Exactly reproduce the lines of the listing below from the one containing "Maison Deux - Checkerboard" through the one containing "Medium Flat Rectangle Hair Clip- Soft Surf". Skip the images.
___ Information supplied ___
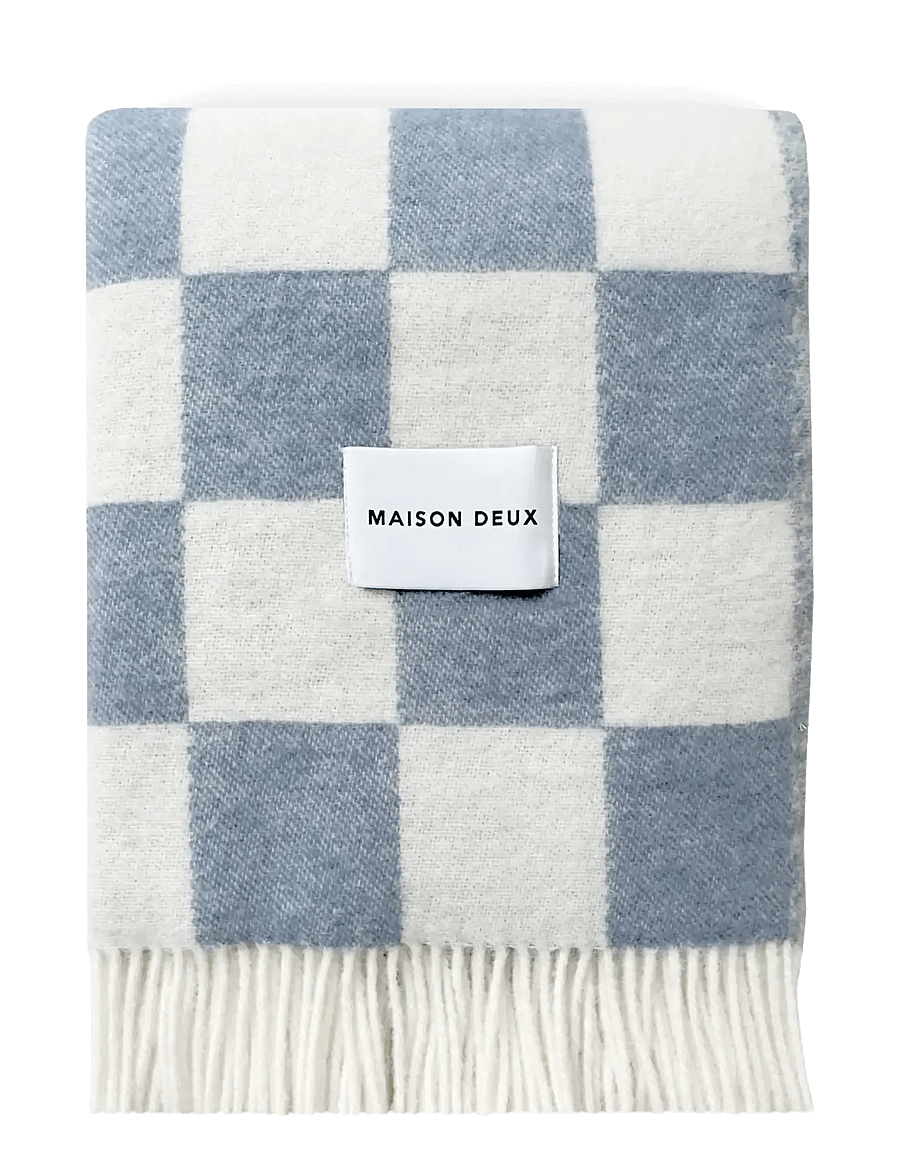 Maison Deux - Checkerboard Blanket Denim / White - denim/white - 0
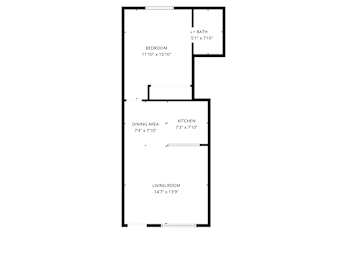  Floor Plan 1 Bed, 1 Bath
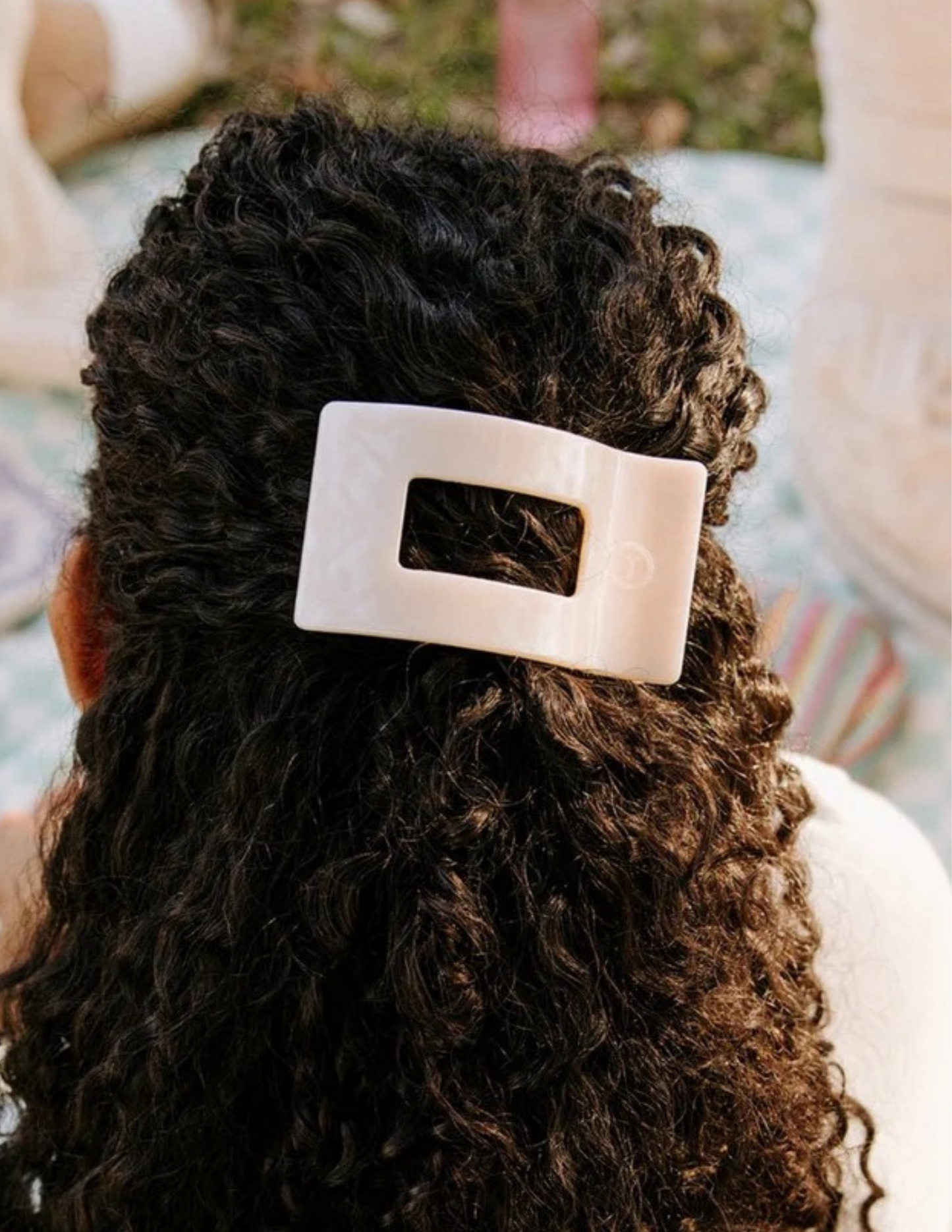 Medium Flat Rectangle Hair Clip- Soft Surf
___
___ Information supplied ___
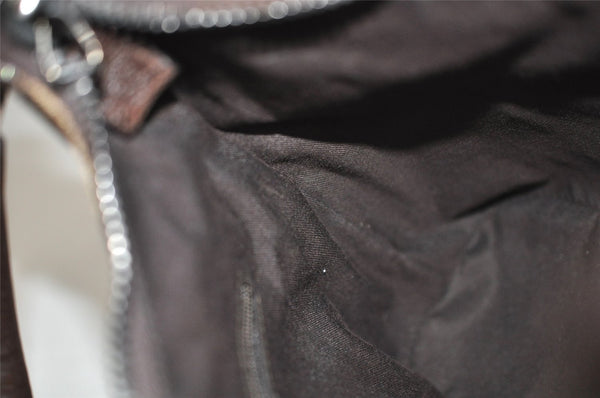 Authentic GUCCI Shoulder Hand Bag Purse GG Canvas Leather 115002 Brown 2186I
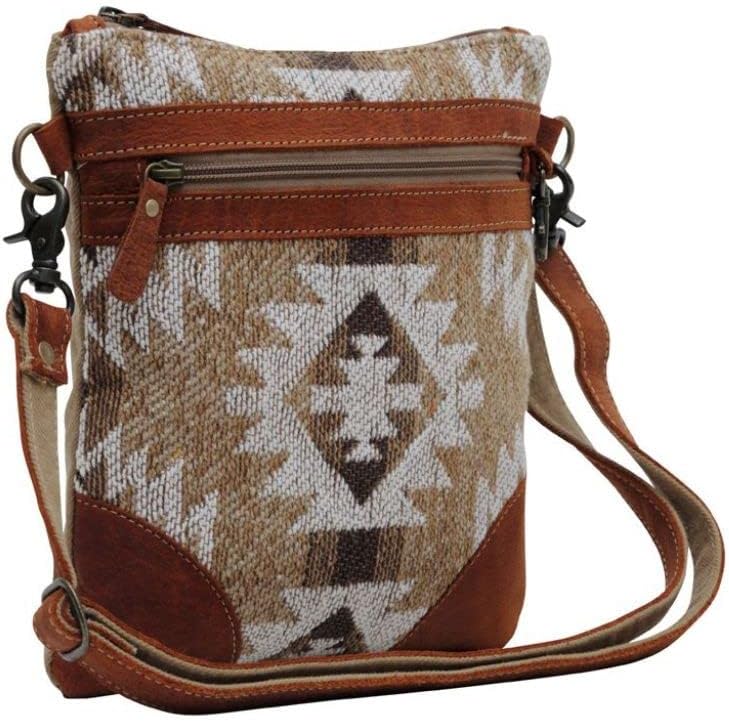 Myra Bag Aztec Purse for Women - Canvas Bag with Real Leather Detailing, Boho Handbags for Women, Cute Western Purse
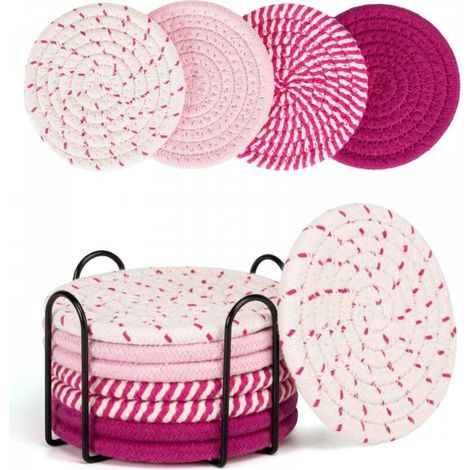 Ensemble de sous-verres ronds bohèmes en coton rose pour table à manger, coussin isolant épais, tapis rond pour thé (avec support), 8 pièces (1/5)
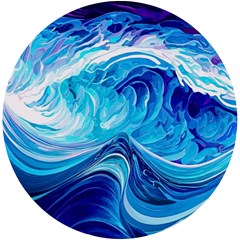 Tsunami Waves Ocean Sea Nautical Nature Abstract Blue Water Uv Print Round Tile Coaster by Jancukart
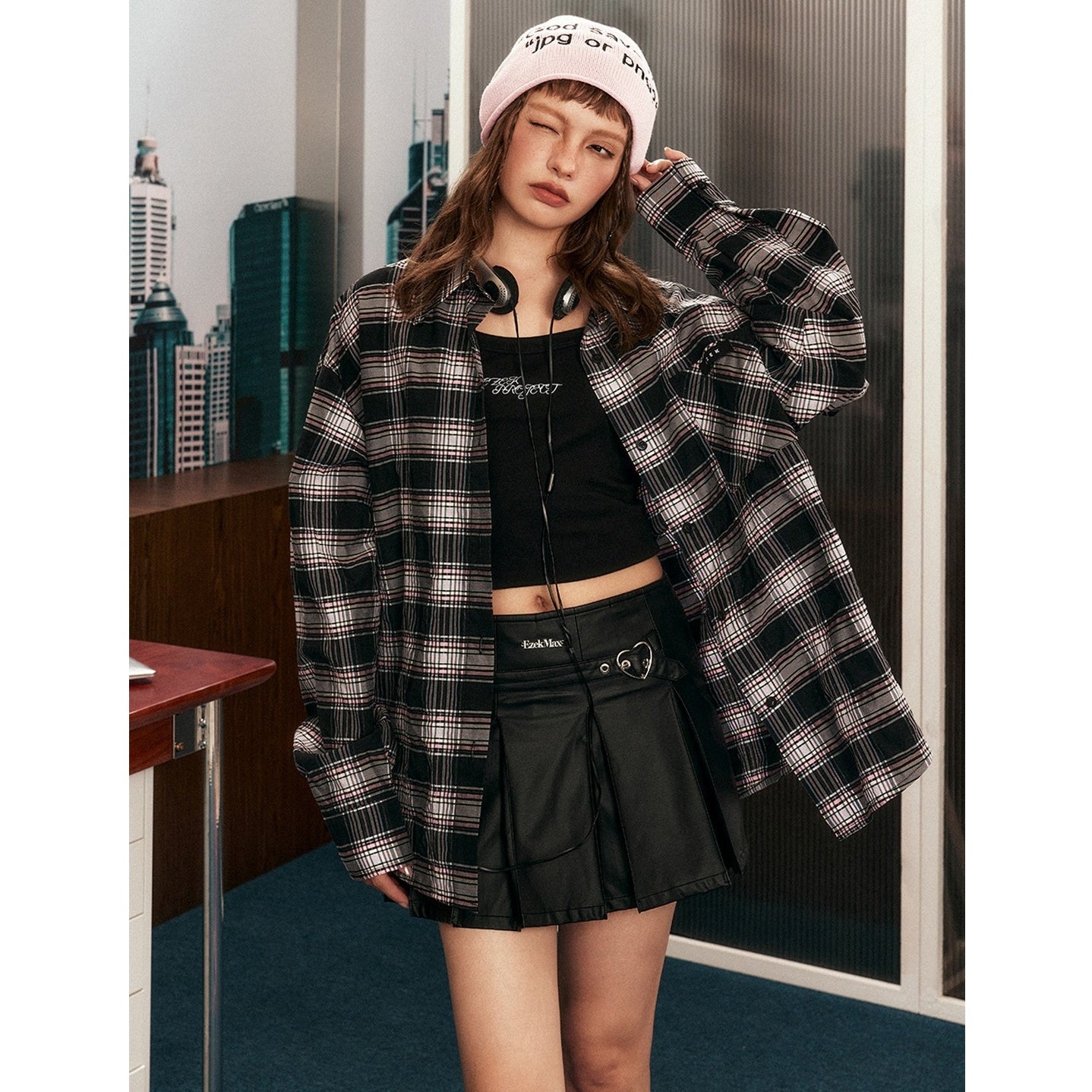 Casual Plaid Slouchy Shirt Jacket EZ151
___
___ Information supplied ___
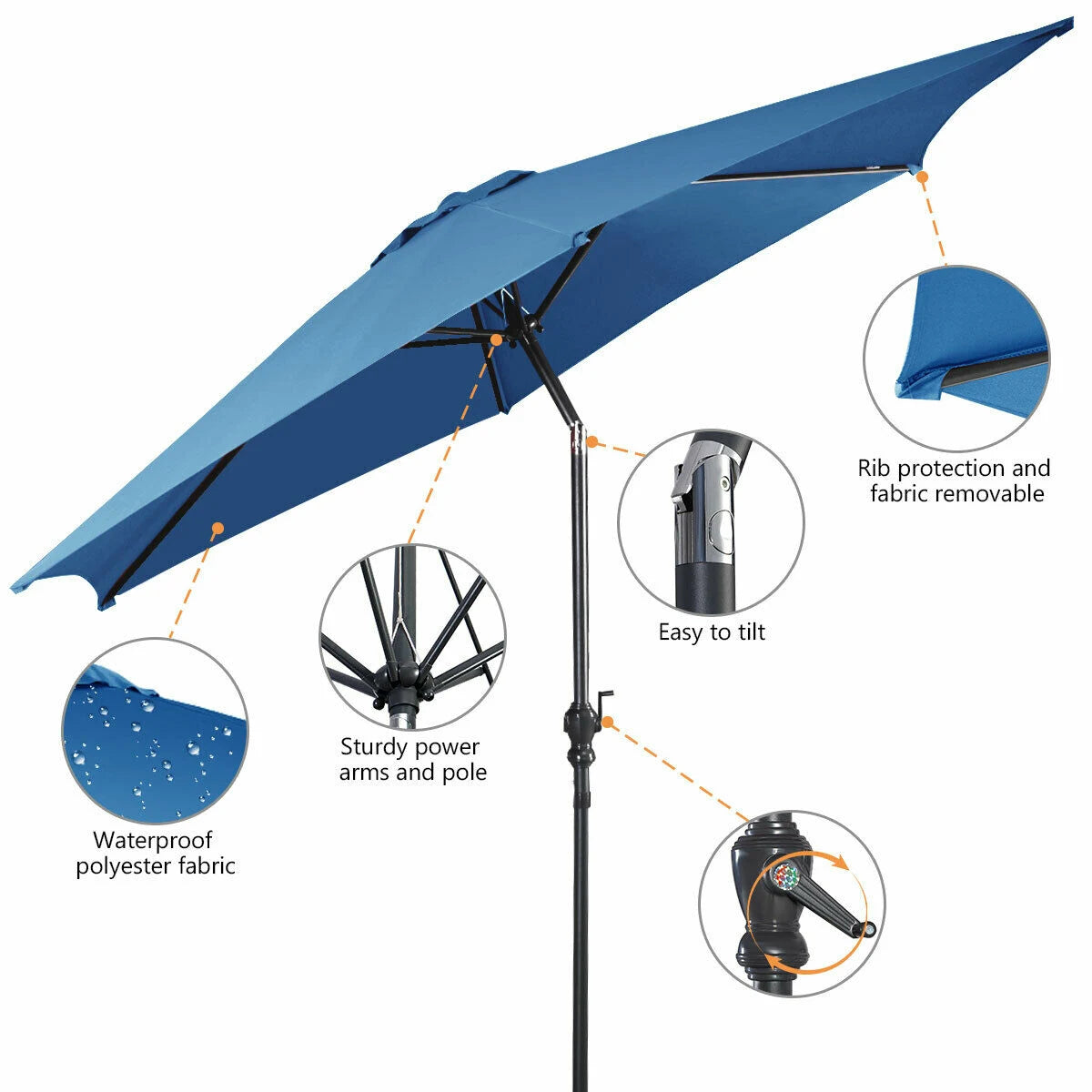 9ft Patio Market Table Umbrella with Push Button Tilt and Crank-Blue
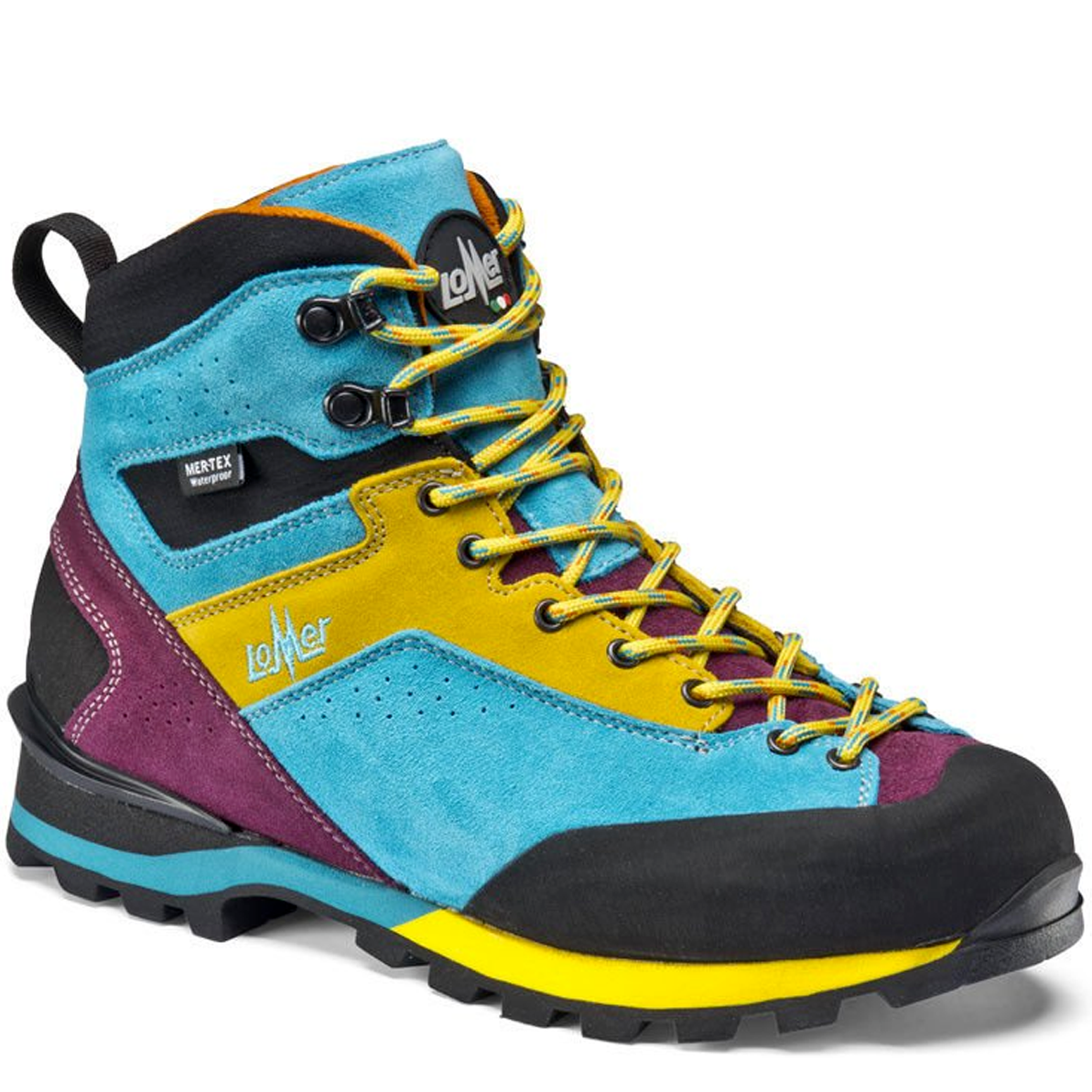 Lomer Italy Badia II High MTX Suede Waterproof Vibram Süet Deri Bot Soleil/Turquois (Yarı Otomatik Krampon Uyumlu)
___
Completed task
 Maison Deux - Checkerboard Blanket Denim / White - denim/white - 0
  Floor Plan 1 Bed, 1 Bath
 Medium Flat Rectangle Hair Clip- Soft Surf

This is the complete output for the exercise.